This collection is a compelling examination and discussion of the work of Indigenous writer Daniel David Moses. Including pieces by Indigenous and non-Indigenous authors, storytellers, playwrights, academics and artists, participating in narratives, writing and dialogues about Moses and his work, the book is at once engaging, grounded in comparative analysis and forceful. Among the contributors: Don Perkins, Randy Lundy, Kristina Fagan Bidwell, Rob Appleford, Maria Campbell, Brenda Macdougall, Greg Scofield, Jo-Ann Episkenew, Helen Gilbert, David Brundage and Tracey Lindberg.
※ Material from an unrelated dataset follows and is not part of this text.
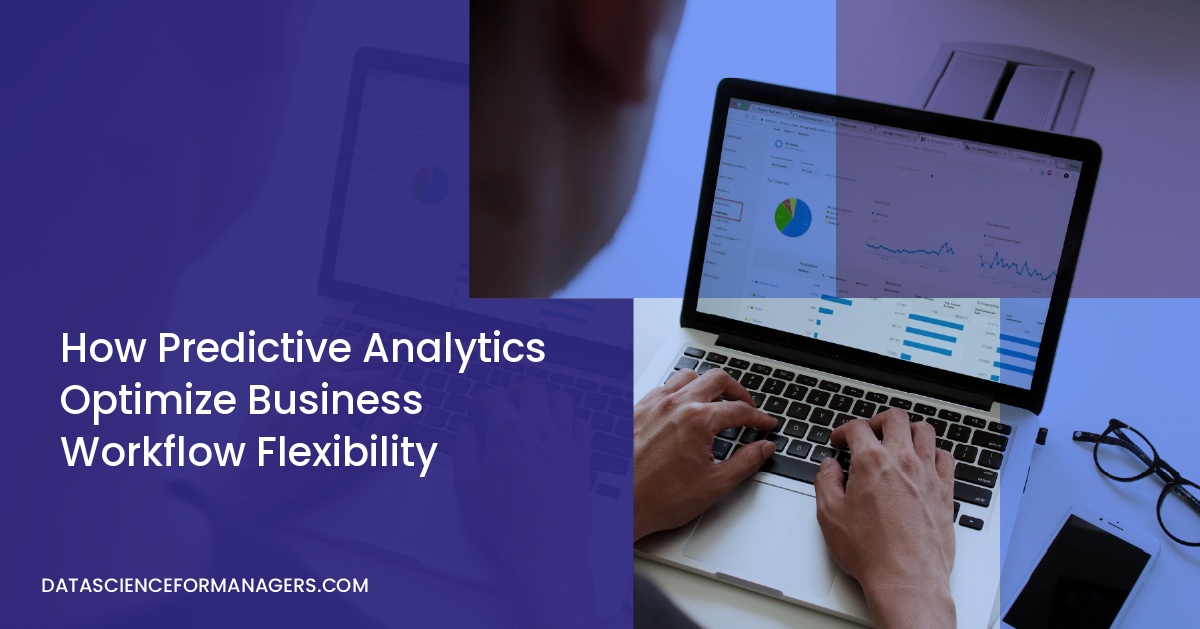 How Predictive Analytics Optimize Business Workflow Flexibility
In addition, Daniel David Moses contributed his radio play My Grandfather's Face.
Tracey Lindberg is a citizen of As’in’i’wa’chi Ni’yaw Nation Rocky Mountain Cree and hails from the Kelly Lake Cree Nation community.
A graduate of the University of Saskatchewan, Harvard University and the University of Ottawa law schools, she is the first Aboriginal woman in Canada to complete her graduate law degree at Harvard. Lindberg won the Governor General's Award in 2007 upon convocation for her dissertation "Critical Indigenous Legal Theory".
She is an award-winning academic writer and teaches Indigenous studies and Indigenous law at two universities in Canada. She sings the blues loudly, talks quietly and is next in a long line of argumentative Cree women. Birdie is her first novel.